Information provided:
════════════════

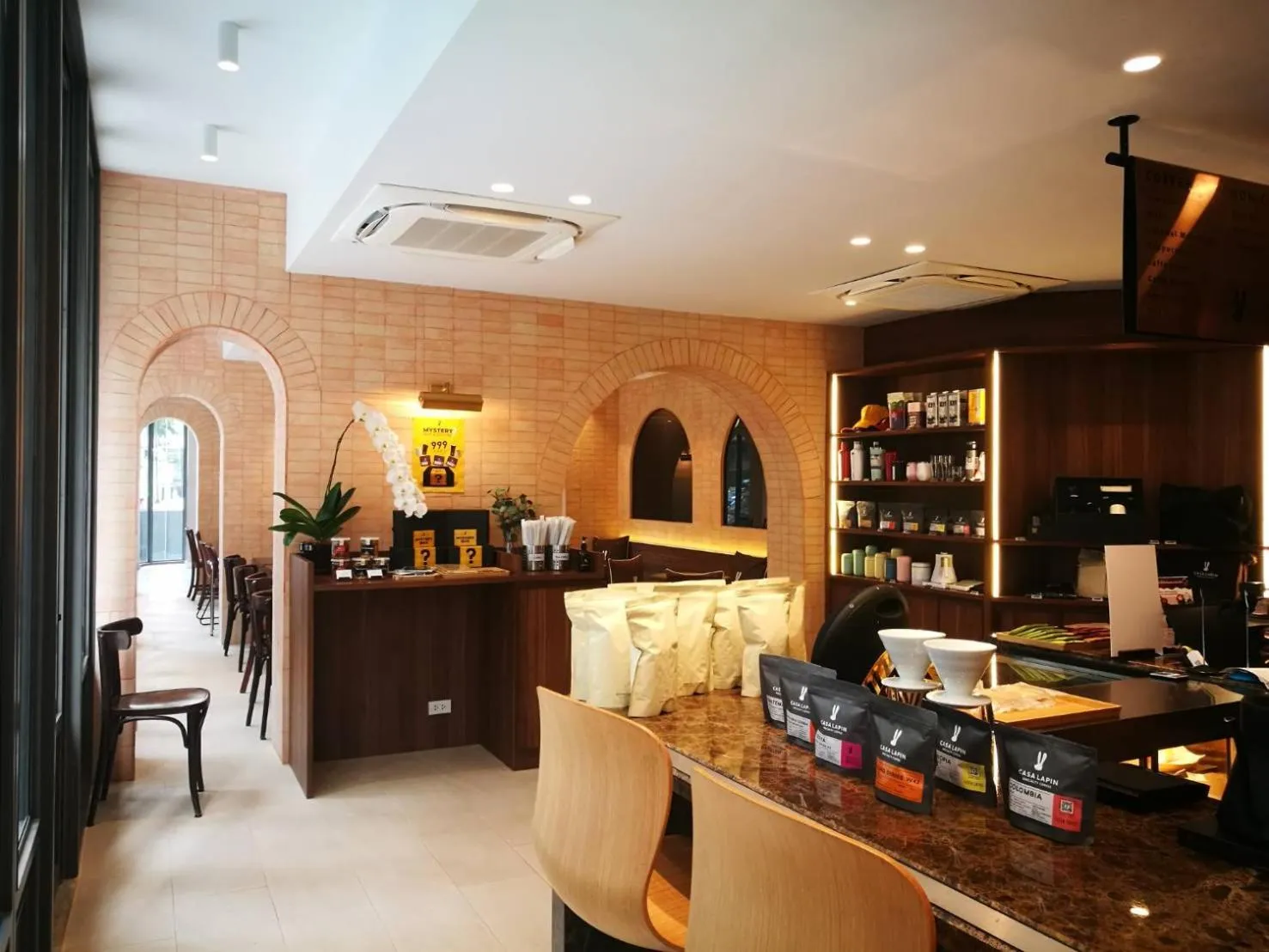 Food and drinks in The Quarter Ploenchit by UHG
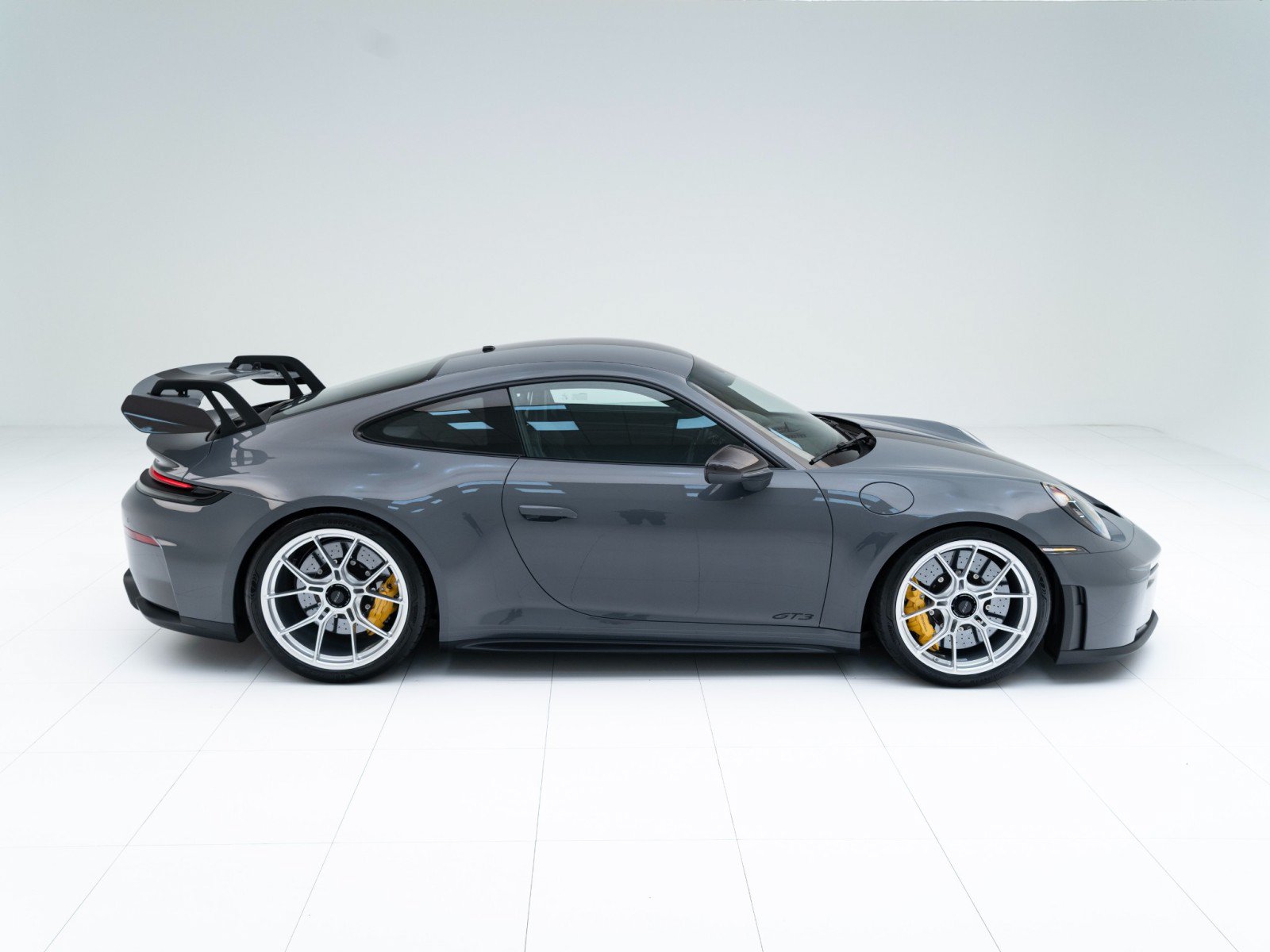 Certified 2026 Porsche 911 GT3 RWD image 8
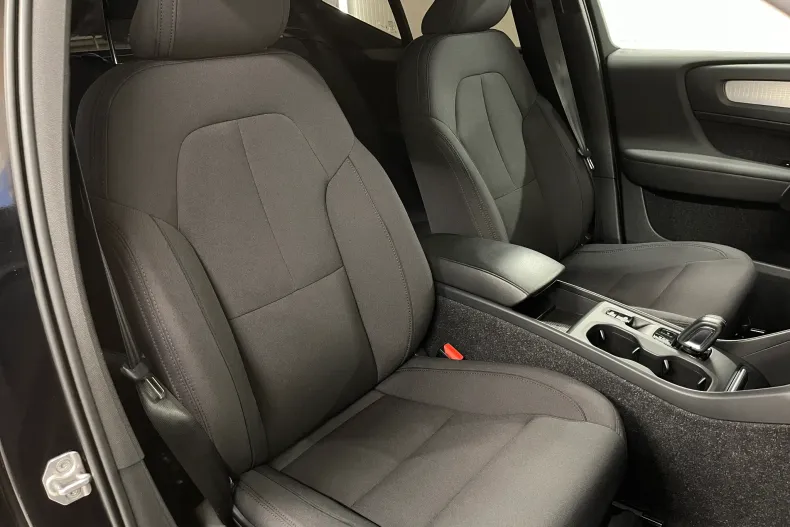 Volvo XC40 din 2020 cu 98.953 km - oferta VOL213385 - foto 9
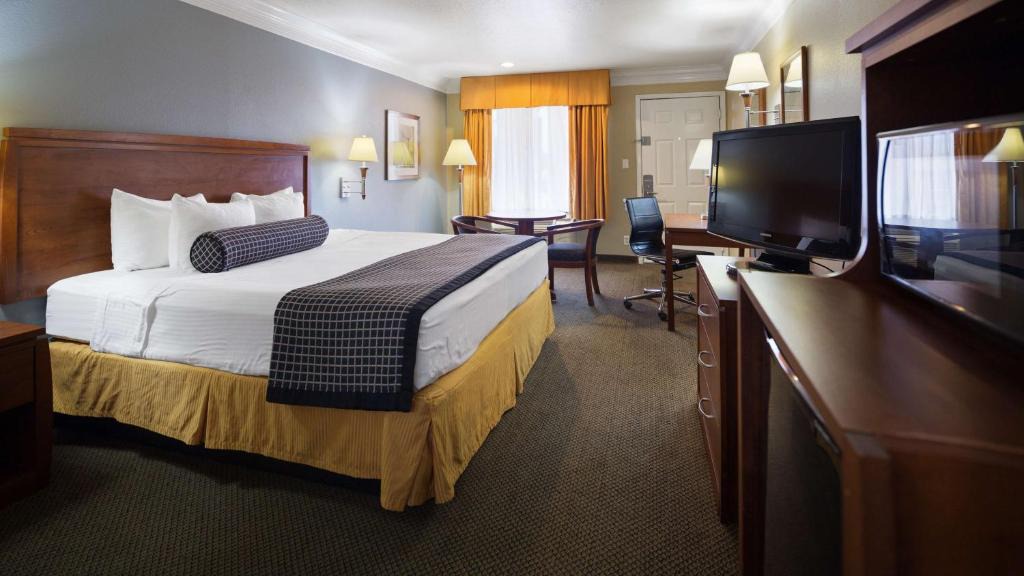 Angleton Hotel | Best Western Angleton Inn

════════════════

Exercise goal:
Your copy should hold all the data word for word. It should hold no pictures.

Task solution:
 Food and drinks in The Quarter Ploenchit by UHG
 Certified 2026 Porsche 911 GT3 RWD image 8
 Volvo XC40 din 2020 cu 98.953 km - oferta VOL213385 - foto 9
 Angleton Hotel | Best Western Angleton Inn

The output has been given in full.